What you have to do: Return the lines that run from the line containing "For this style" through the end of the entries, both ends included. Leave out all pictures.

(Records excerpted from a collection)
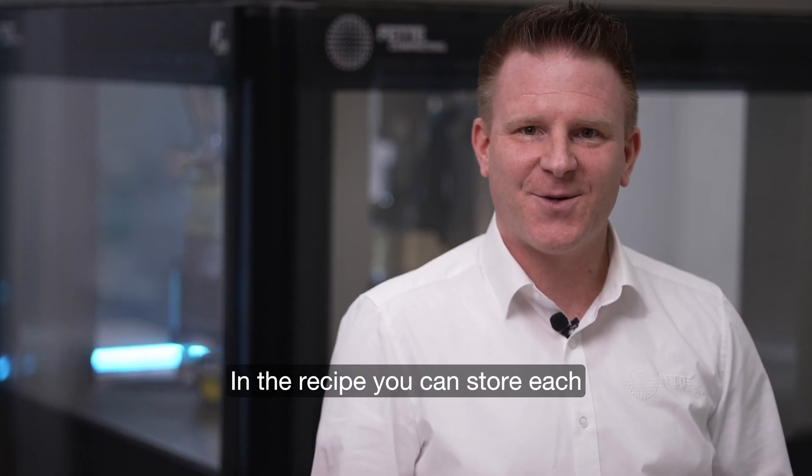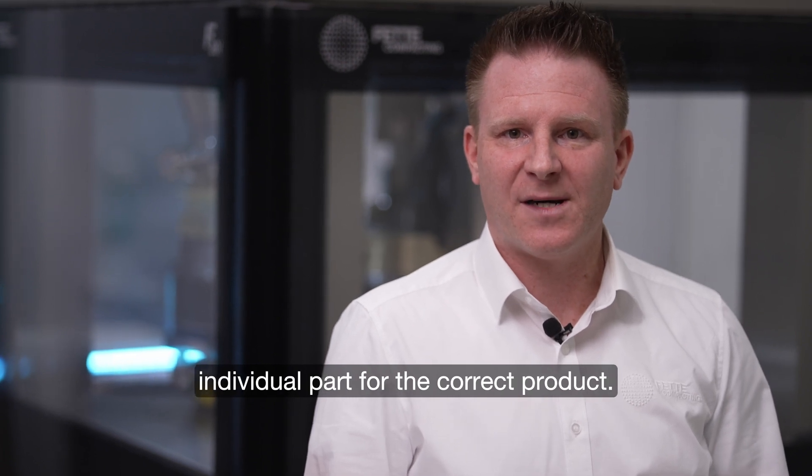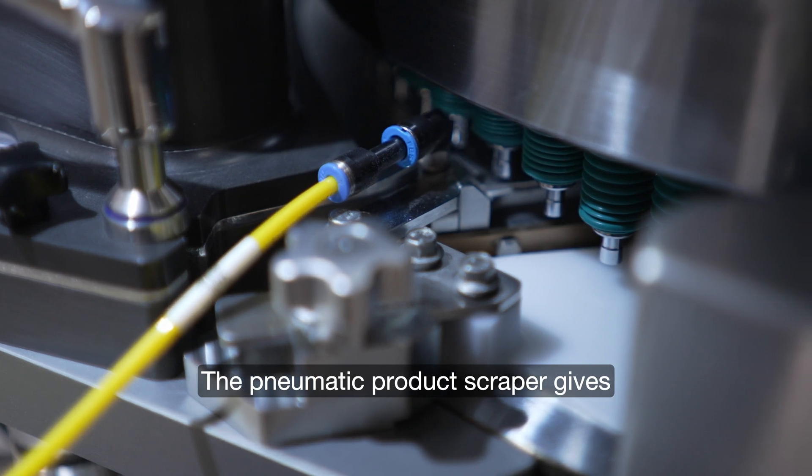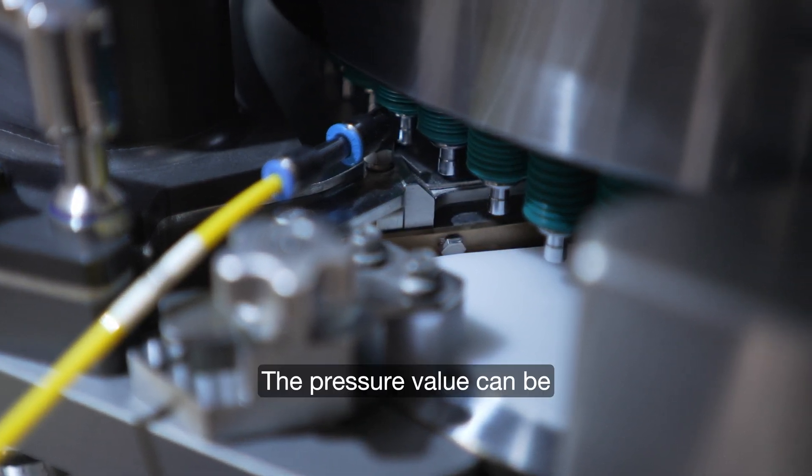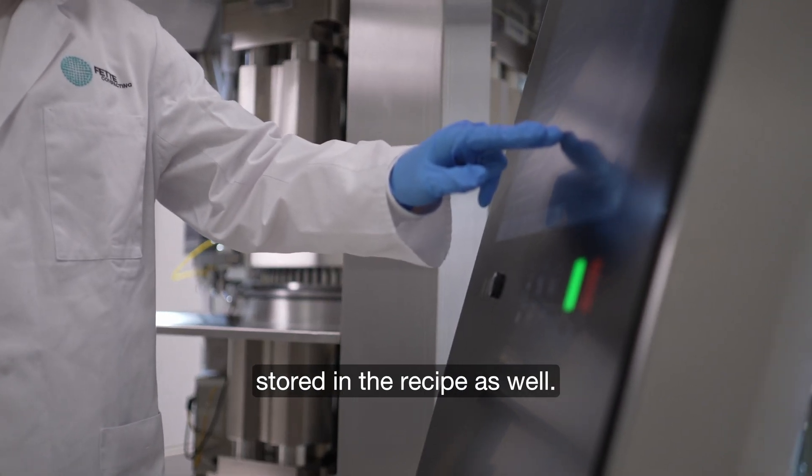In the recipe you can store each individual part for the correct product. The pneumatic product scraper gives sufficient pressure on the die table, and the pressure value can be stored in the recipe as well.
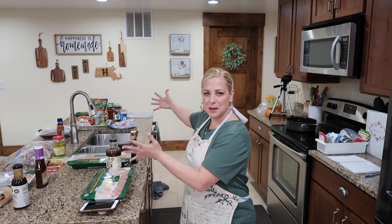Hello friends, welcome back to She's in Her Apron. I am so glad you're here because tonight we're making freezer meals.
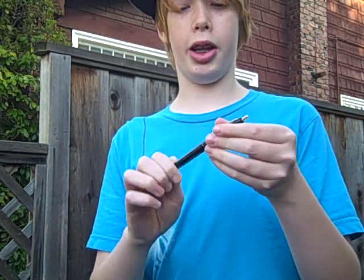Hi, I'm Whitman Hall. This is a video response to Kip K's Smoke Pen, and it really works. Watch, I'll show you.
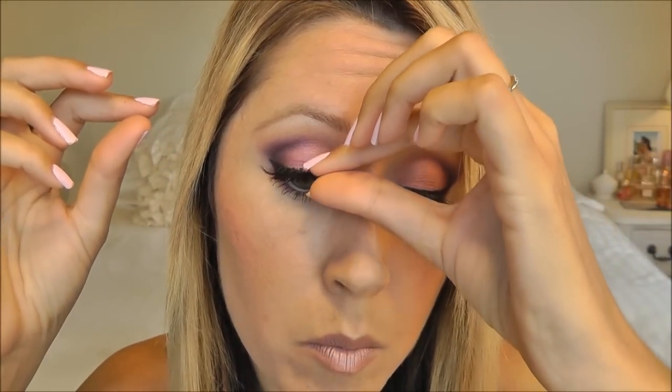For this style of lash I'm actually going to trim a little off the inner corner. I have my little scissors here and I'm just gonna go ahead and take off about a quarter inch from the inner corner. Now I'm gonna measure them again and that looks like the perfect length.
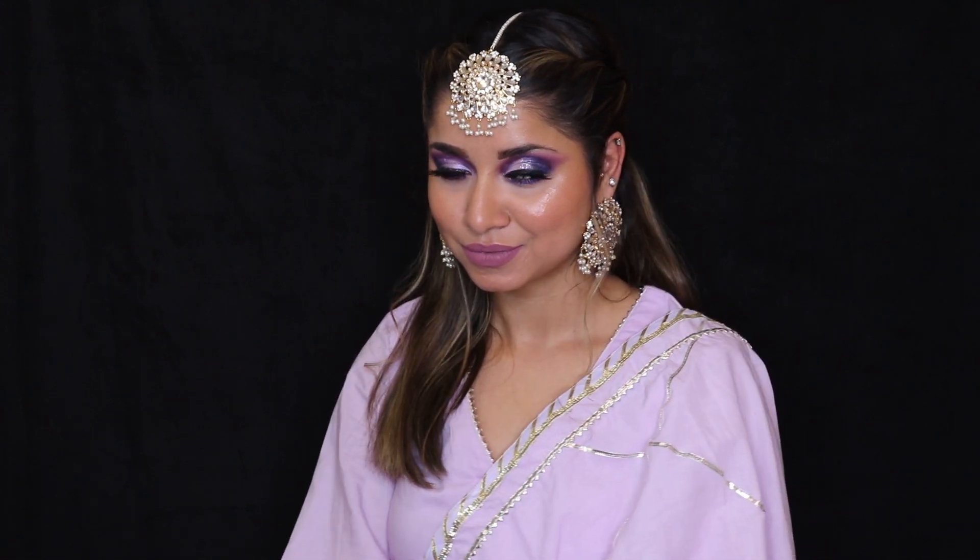Hi guys, welcome back to my YouTube channel. Those of you new here, my name is Preet Bharang. So today's makeup tutorial is going to be a wedding guest makeup tutorial. If you're going for a wedding or have a friend's wedding to attend, this look is perfect. I'm going to be creating a full cut crease look and sharing all the tips, tricks, and steps. Let me show you guys how I created this Indian wedding guest makeup look.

Answer to this task:
For this style of lash I'm actually going to trim a little off the inner corner. I have my little scissors here and I'm just gonna go ahead and take off about a quarter inch from the inner corner. Now I'm gonna measure them again and that looks like the perfect length.
Hi guys, welcome back to my YouTube channel. Those of you new here, my name is Preet Bharang. So today's makeup tutorial is going to be a wedding guest makeup tutorial. If you're going for a wedding or have a friend's wedding to attend, this look is perfect. I'm going to be creating a full cut crease look and sharing all the tips, tricks, and steps. Let me show you guys how I created this Indian wedding guest makeup look.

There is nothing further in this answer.